§ About this task
Repeat, word for word, every line from the line holding "Short/Reel: Describe this" through the final line of the entries below. Skip all pictures.

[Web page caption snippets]
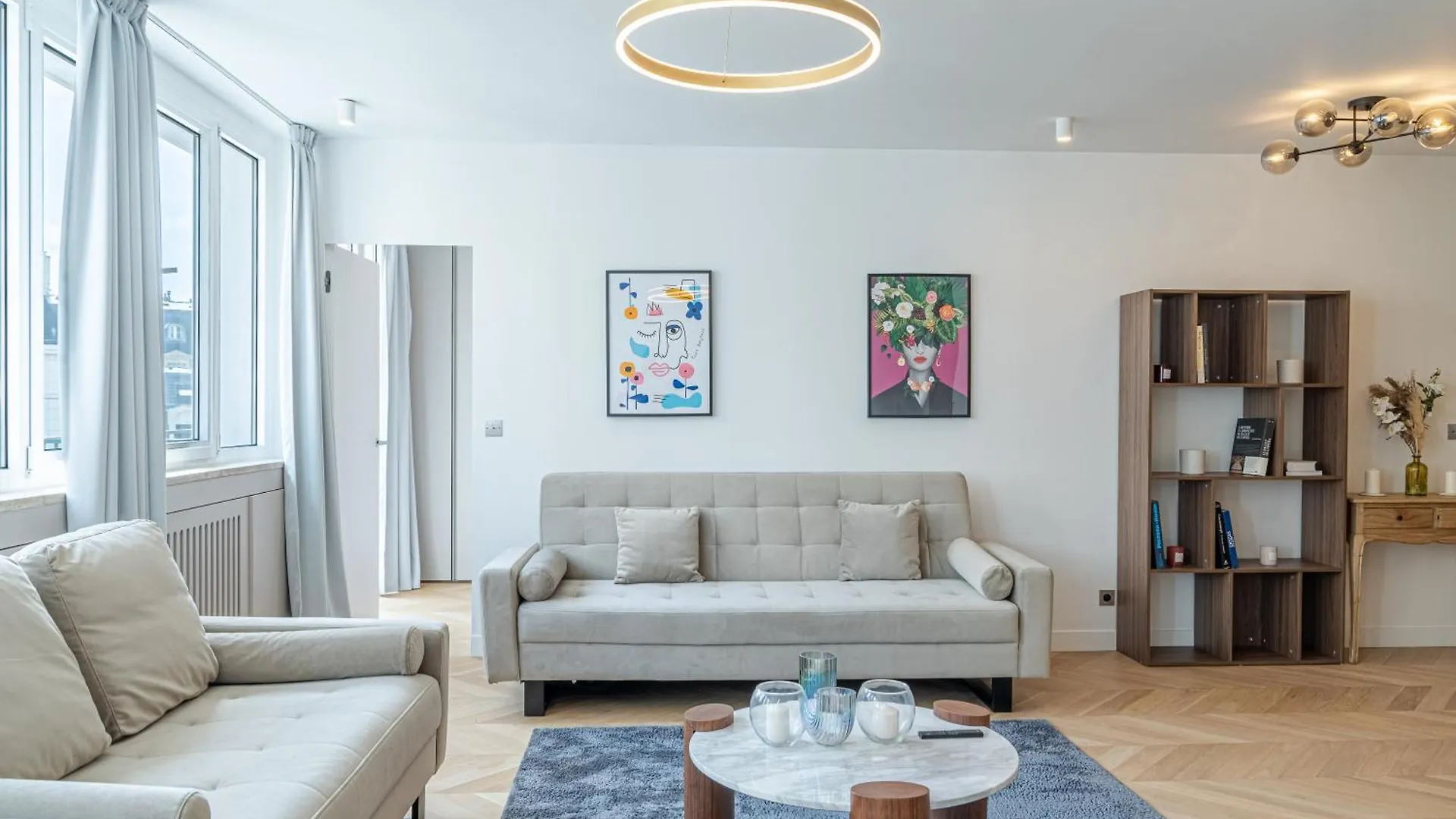 Lavie Maison : A C & Eiffel Tower View Apartment Paris France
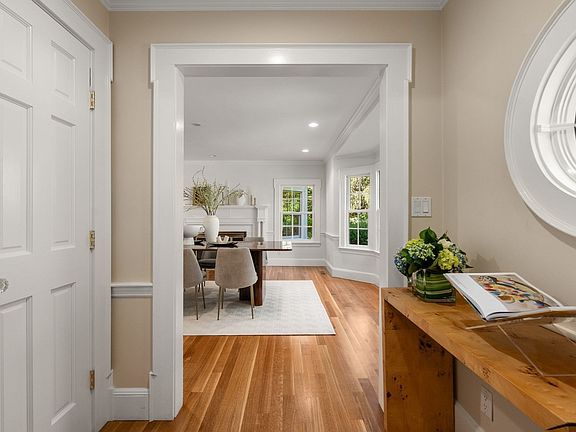 5th image of 1 Kenilworth Cir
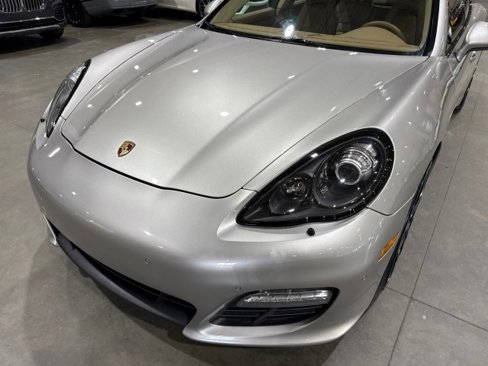 Used 2012 Porsche Panamera image 32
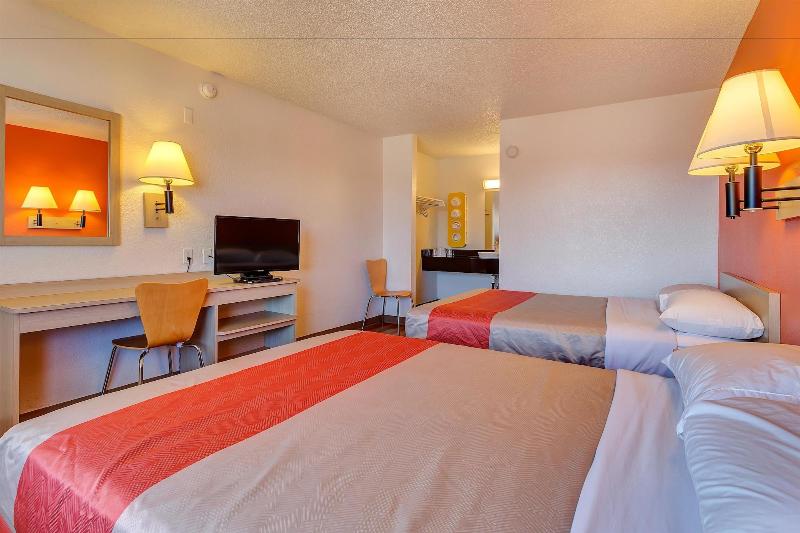 Motel 6 Vallejo, CA - Six Flags West image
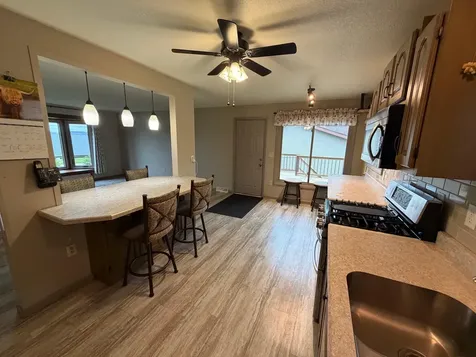 21853 Kings Dubuque IA 52001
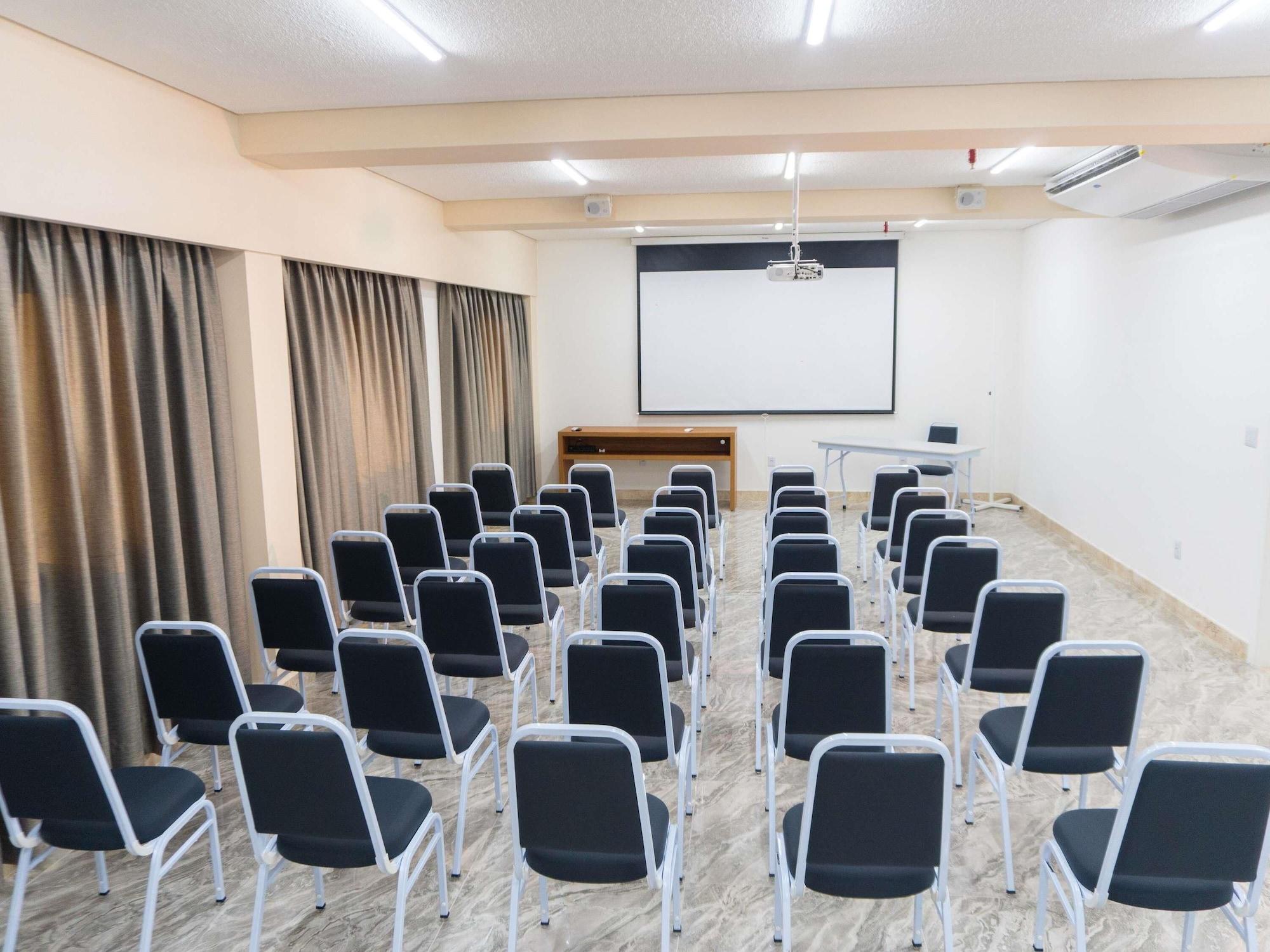 Sala de Reuniones Ibis Vitoria Da Conquista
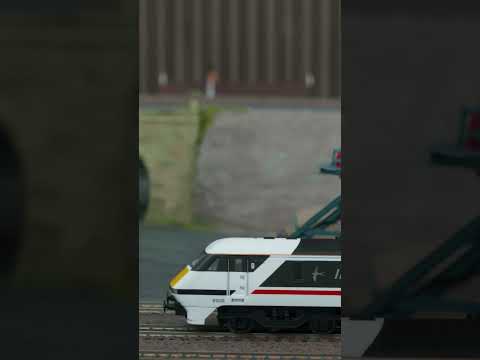 Short/Reel: Describe this Locomotive in one word!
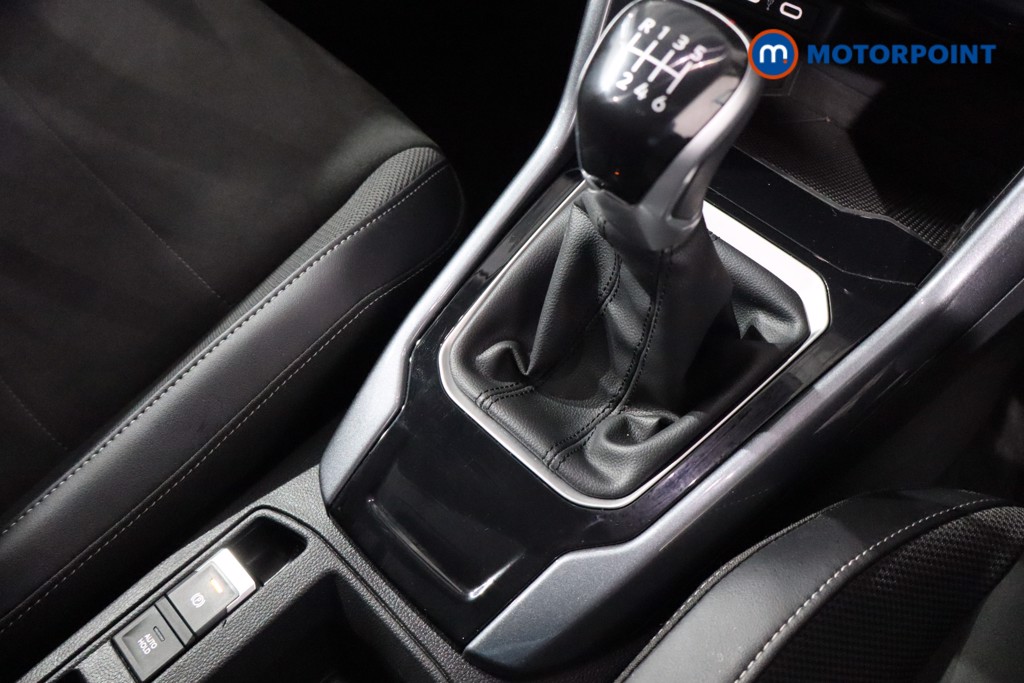 Volkswagen T-Roc Style Manual Petrol SUV - Stock Number (1586939) - 14th supplementary image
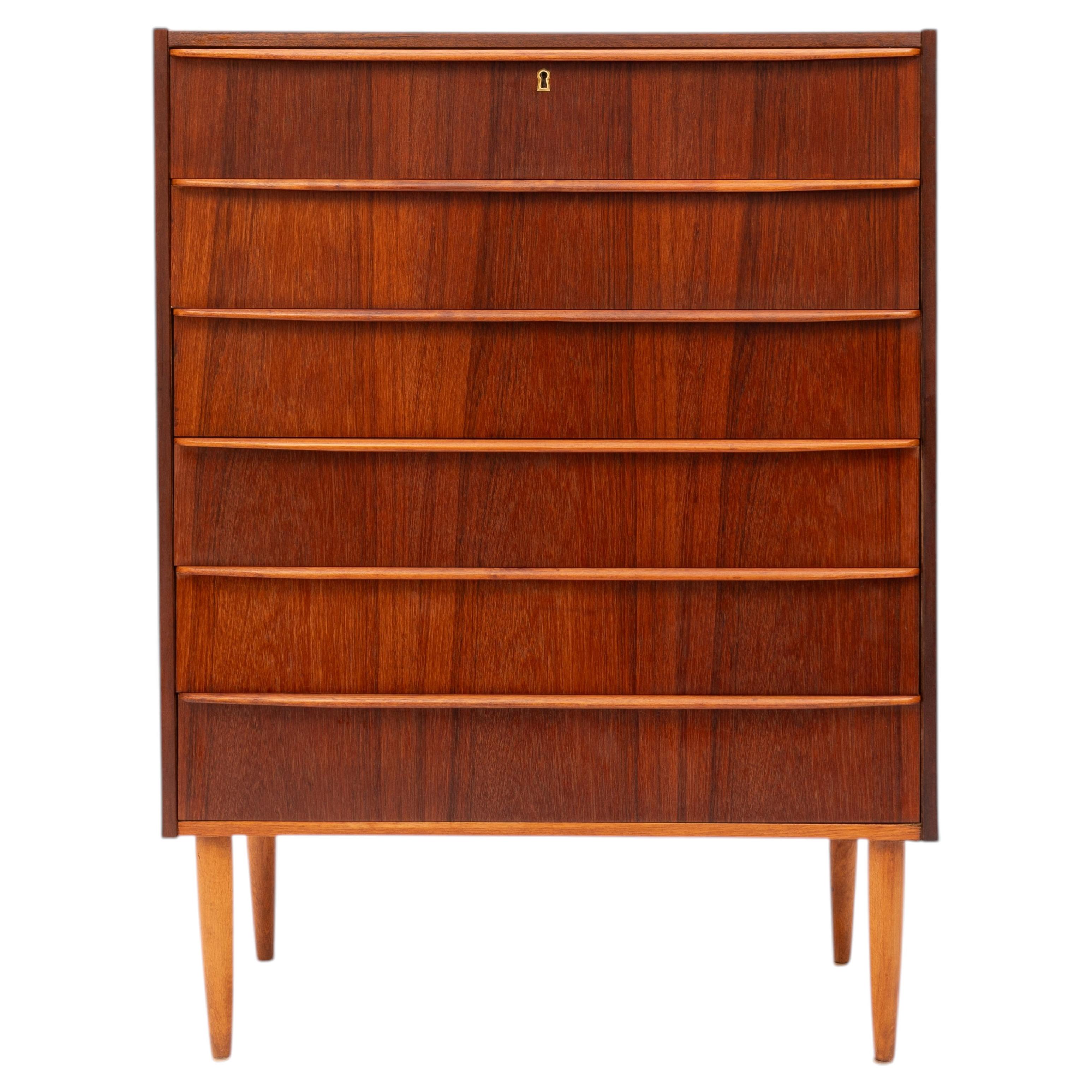 Vintage Danish Mid-Century Sechs-Schubladen Teak Tallboy Kommode 1960s im Angebot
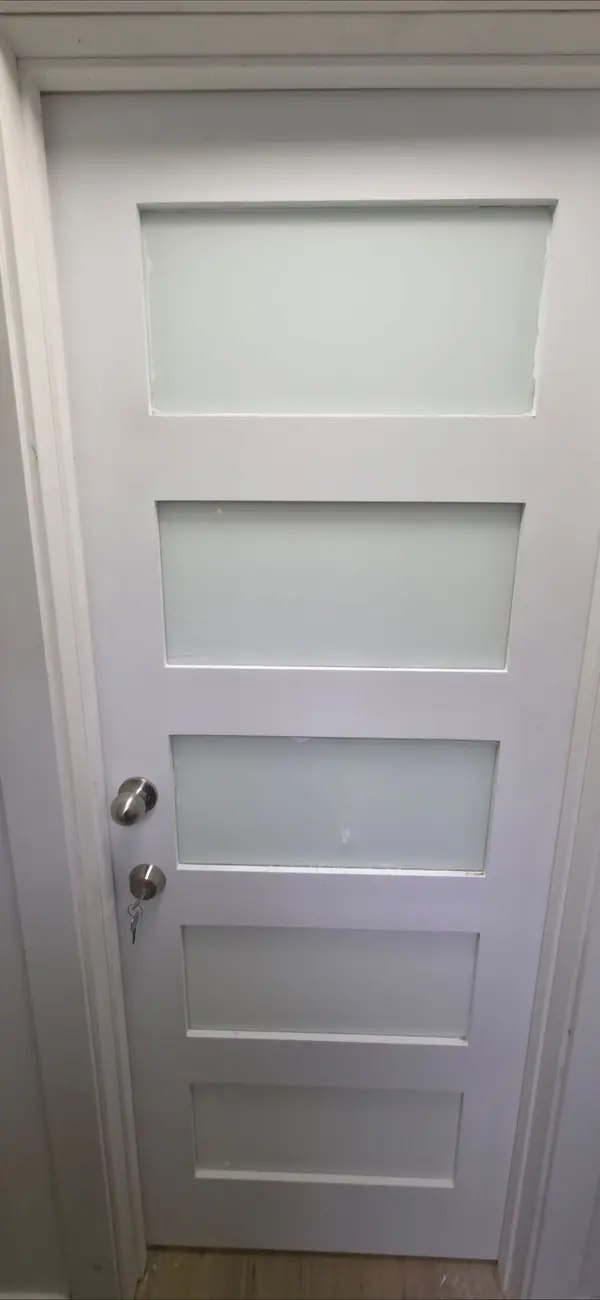 582 Strouds LN, Pickering, ON L1V 4S6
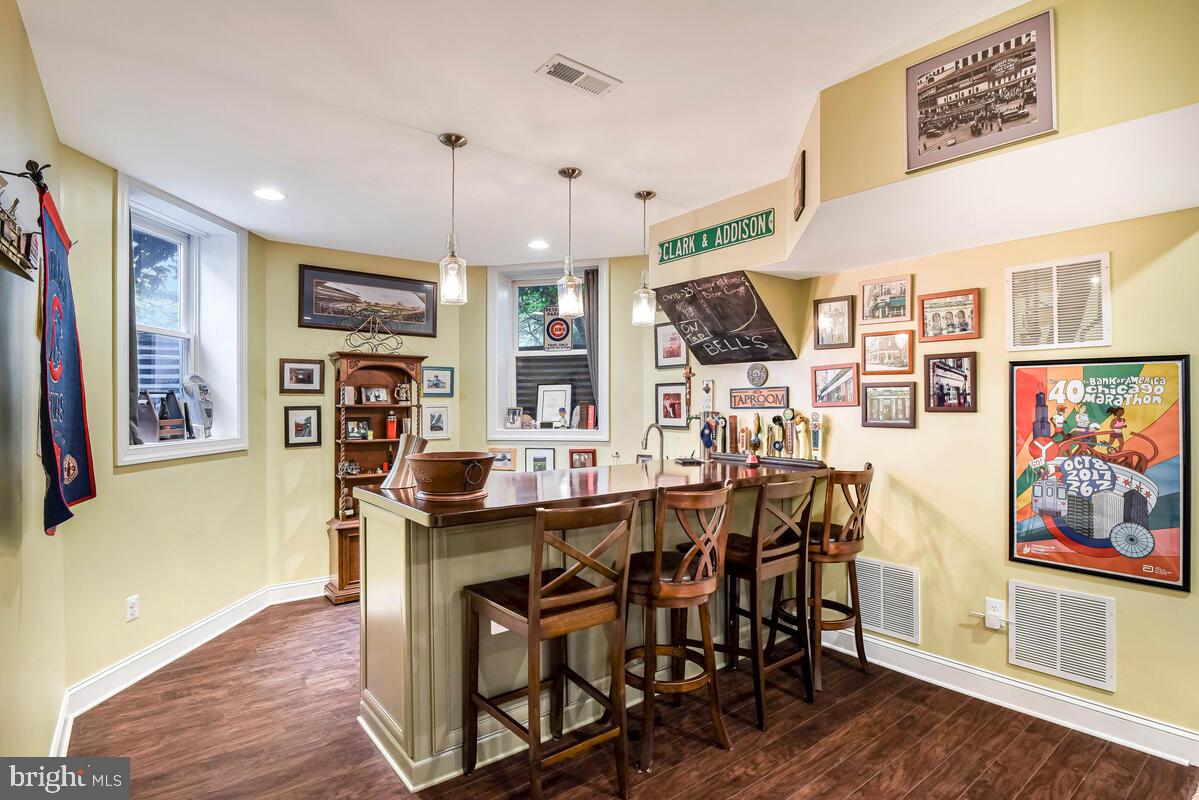 SUTTON WOODS - Residential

§ Written solution
 Short/Reel: Describe this Locomotive in one word!
 Volkswagen T-Roc Style Manual Petrol SUV - Stock Number (1586939) - 14th supplementary image
 Vintage Danish Mid-Century Sechs-Schubladen Teak Tallboy Kommode 1960s im Angebot
 582 Strouds LN, Pickering, ON L1V 4S6
 SUTTON WOODS - Residential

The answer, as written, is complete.